You are viewing a plain text version of this content. The canonical link for it is here.
Posted to commits@spark.apache.org by zs...@apache.org on 2019/01/22 17:35:12 UTC

[spark] branch branch-2.3 updated: [SPARK-26665][CORE] Fix a bug that BlockTransferService.fetchBlockSync may hang forever

This is an automated email from the ASF dual-hosted git repository.

zsxwing pushed a commit to branch branch-2.3
in repository https://gitbox.apache.org/repos/asf/spark.git


The following commit(s) were added to refs/heads/branch-2.3 by this push:
     new b88067b  [SPARK-26665][CORE] Fix a bug that BlockTransferService.fetchBlockSync may hang forever
b88067b is described below

commit b88067bd0f7b9466a89ce6458cb7766a24283b13
Author: Shixiong Zhu <zs...@gmail.com>
AuthorDate: Tue Jan 22 09:00:52 2019 -0800

    [SPARK-26665][CORE] Fix a bug that BlockTransferService.fetchBlockSync may hang forever
    
    ## What changes were proposed in this pull request?
    
    `ByteBuffer.allocate` may throw `OutOfMemoryError` when the block is large but no enough memory is available. However, when this happens, right now BlockTransferService.fetchBlockSync will just hang forever as its `BlockFetchingListener. onBlockFetchSuccess` doesn't complete `Promise`.
    
    This PR catches `Throwable` and uses the error to complete `Promise`.
    
    ## How was this patch tested?
    
    Added a unit test. Since I cannot make `ByteBuffer.allocate` throw `OutOfMemoryError`, I passed a negative size to make `ByteBuffer.allocate` fail.
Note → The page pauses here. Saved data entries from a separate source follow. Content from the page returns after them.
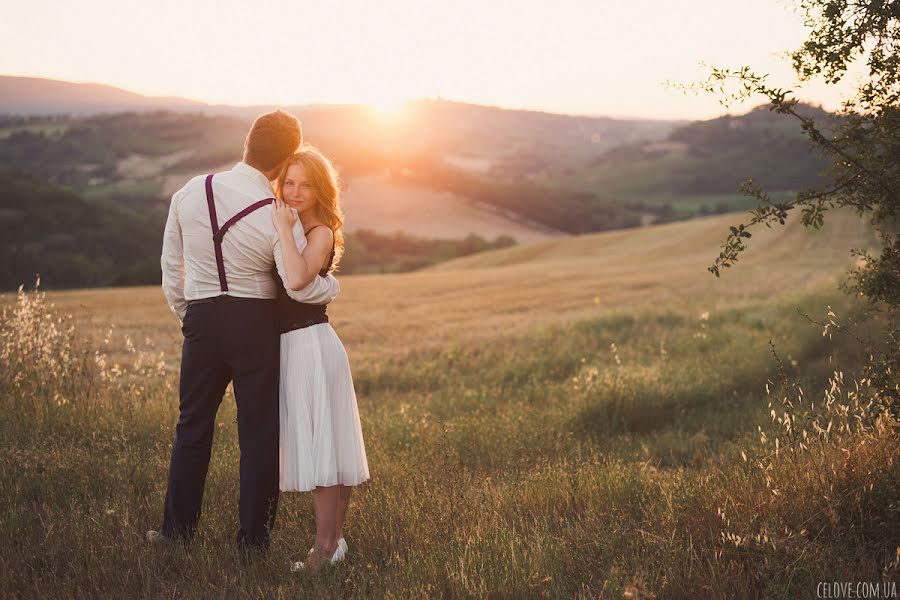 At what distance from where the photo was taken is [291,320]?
4070mm

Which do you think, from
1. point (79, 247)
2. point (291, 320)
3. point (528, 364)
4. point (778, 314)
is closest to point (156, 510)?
point (291, 320)

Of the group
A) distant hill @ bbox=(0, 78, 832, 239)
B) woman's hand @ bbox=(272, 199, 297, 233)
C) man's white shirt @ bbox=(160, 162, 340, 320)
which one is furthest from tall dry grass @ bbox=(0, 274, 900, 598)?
distant hill @ bbox=(0, 78, 832, 239)

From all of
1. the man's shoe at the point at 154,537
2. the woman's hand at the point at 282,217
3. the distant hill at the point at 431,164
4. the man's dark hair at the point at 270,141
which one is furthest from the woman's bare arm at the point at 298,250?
the distant hill at the point at 431,164

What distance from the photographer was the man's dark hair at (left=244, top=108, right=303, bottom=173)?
404 centimetres

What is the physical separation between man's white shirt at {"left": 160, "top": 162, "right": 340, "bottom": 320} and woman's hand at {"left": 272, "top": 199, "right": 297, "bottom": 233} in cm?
5

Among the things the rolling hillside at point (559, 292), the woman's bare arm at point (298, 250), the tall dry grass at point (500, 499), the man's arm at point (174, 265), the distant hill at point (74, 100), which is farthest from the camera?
the distant hill at point (74, 100)

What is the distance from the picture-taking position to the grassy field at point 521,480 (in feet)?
10.9

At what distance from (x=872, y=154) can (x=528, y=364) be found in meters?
7.55

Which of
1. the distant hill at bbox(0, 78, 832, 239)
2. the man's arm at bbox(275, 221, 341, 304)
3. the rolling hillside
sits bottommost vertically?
the rolling hillside

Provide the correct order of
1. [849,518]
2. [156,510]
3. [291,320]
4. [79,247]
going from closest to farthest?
[849,518] < [291,320] < [156,510] < [79,247]

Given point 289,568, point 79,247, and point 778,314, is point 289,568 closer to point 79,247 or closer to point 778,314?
point 778,314

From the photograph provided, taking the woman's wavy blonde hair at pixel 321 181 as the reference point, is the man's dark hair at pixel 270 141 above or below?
above

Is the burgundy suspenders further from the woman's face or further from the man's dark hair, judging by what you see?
the man's dark hair

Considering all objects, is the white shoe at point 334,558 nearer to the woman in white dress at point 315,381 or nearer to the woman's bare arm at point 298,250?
the woman in white dress at point 315,381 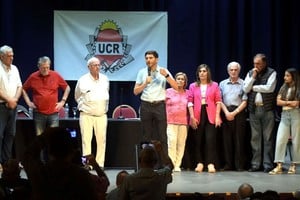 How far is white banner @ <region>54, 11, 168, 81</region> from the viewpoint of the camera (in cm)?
1022

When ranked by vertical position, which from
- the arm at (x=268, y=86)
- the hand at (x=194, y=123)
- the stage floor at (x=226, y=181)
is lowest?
the stage floor at (x=226, y=181)

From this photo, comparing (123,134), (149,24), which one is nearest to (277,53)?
(149,24)

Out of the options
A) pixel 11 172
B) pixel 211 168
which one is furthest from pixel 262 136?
pixel 11 172

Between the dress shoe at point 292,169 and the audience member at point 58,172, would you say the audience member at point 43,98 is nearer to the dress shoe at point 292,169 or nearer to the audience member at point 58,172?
the dress shoe at point 292,169

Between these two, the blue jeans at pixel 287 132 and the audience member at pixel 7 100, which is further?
the blue jeans at pixel 287 132

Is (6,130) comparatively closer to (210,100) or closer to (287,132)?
(210,100)

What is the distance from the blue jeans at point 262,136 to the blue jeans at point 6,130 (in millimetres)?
3071

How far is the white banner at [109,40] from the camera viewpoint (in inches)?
402

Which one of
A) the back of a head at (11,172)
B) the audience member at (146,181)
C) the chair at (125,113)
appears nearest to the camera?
the back of a head at (11,172)

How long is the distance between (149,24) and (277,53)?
2352 mm

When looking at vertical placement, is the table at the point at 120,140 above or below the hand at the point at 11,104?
below

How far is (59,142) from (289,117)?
550 centimetres

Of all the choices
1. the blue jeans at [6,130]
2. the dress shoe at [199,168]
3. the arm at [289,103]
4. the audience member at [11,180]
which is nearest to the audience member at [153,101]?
the dress shoe at [199,168]

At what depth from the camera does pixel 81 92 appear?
Result: 7.83m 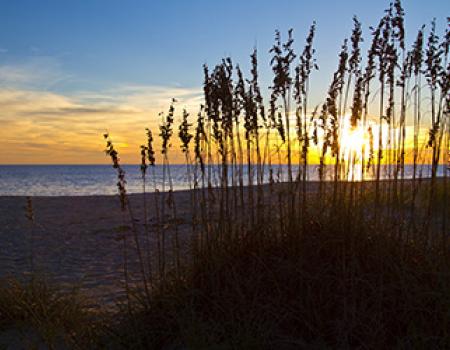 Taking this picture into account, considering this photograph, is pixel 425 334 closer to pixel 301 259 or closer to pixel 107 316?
pixel 301 259

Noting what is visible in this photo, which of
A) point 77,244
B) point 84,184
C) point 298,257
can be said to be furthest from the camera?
point 84,184

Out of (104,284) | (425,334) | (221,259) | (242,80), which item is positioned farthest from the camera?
(104,284)

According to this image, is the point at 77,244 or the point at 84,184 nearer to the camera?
the point at 77,244

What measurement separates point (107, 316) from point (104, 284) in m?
1.80

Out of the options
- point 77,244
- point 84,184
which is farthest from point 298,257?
point 84,184

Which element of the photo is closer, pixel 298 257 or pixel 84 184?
pixel 298 257

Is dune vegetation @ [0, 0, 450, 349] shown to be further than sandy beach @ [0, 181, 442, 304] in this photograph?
No

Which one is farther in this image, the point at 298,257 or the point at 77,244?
the point at 77,244

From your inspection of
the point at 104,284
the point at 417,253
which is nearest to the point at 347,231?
the point at 417,253

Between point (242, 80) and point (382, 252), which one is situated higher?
point (242, 80)

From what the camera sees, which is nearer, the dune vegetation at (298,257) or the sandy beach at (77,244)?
the dune vegetation at (298,257)

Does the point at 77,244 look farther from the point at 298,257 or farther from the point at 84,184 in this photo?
the point at 84,184

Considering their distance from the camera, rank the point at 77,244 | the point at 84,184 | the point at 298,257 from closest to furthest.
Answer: the point at 298,257
the point at 77,244
the point at 84,184

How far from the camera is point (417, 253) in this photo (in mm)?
3268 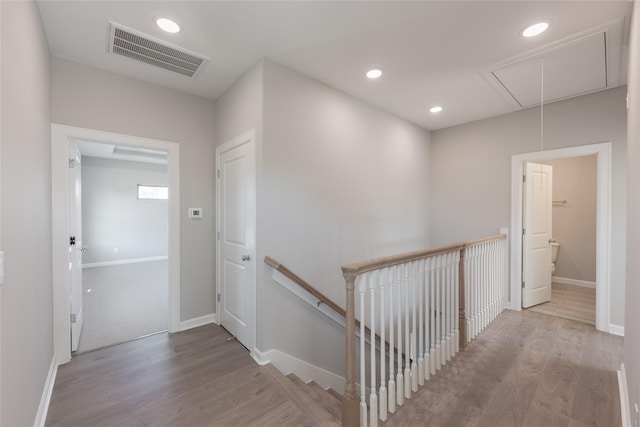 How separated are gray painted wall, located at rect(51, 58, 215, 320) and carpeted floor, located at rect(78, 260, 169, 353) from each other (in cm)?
62

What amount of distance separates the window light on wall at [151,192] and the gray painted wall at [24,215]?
555 centimetres

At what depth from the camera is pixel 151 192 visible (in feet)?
23.6

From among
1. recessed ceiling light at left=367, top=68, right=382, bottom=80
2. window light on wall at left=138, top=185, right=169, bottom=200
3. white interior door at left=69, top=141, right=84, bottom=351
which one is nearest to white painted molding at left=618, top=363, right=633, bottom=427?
recessed ceiling light at left=367, top=68, right=382, bottom=80

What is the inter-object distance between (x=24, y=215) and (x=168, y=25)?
5.12 ft

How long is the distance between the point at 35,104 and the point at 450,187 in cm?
472

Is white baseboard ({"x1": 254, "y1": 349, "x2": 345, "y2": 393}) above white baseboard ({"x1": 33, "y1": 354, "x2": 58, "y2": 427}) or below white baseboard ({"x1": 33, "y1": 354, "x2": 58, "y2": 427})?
below

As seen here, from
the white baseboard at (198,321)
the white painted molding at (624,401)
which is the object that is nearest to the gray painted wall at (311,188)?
the white baseboard at (198,321)

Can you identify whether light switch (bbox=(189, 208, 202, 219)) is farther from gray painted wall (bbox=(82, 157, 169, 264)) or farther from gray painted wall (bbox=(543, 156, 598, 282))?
gray painted wall (bbox=(543, 156, 598, 282))

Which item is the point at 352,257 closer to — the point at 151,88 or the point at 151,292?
the point at 151,88

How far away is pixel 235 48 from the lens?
2.24 m

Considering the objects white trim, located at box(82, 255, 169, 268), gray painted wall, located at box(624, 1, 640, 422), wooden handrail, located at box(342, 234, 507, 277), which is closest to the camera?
gray painted wall, located at box(624, 1, 640, 422)

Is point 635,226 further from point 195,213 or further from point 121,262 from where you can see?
point 121,262

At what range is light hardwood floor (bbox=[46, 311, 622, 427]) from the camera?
5.72 feet

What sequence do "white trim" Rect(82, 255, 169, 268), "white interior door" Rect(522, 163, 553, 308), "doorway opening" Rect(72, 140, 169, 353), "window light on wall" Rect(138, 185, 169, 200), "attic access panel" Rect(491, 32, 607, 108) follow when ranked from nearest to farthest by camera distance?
"attic access panel" Rect(491, 32, 607, 108) < "white interior door" Rect(522, 163, 553, 308) < "doorway opening" Rect(72, 140, 169, 353) < "white trim" Rect(82, 255, 169, 268) < "window light on wall" Rect(138, 185, 169, 200) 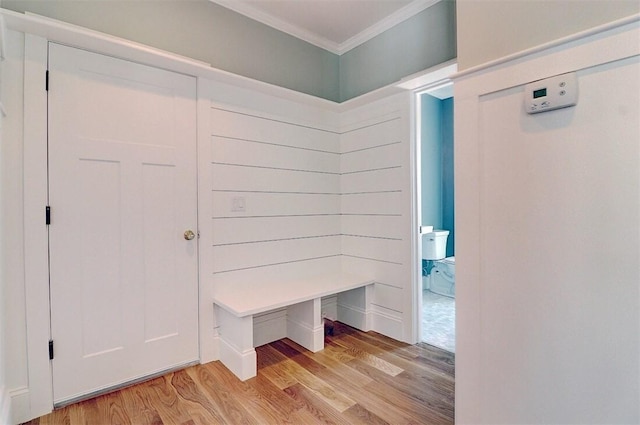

Although the error type is different, it should trigger the same code path.
    
    Closes #23590 from zsxwing/SPARK-26665.
    
    Authored-by: Shixiong Zhu <zs...@gmail.com>
    Signed-off-by: Shixiong Zhu <zs...@gmail.com>
---
 .../spark/network/BlockTransferService.scala       |  12 ++-
 .../spark/network/BlockTransferServiceSuite.scala  | 104 +++++++++++++++++++++
 2 files changed, 112 insertions(+), 4 deletions(-)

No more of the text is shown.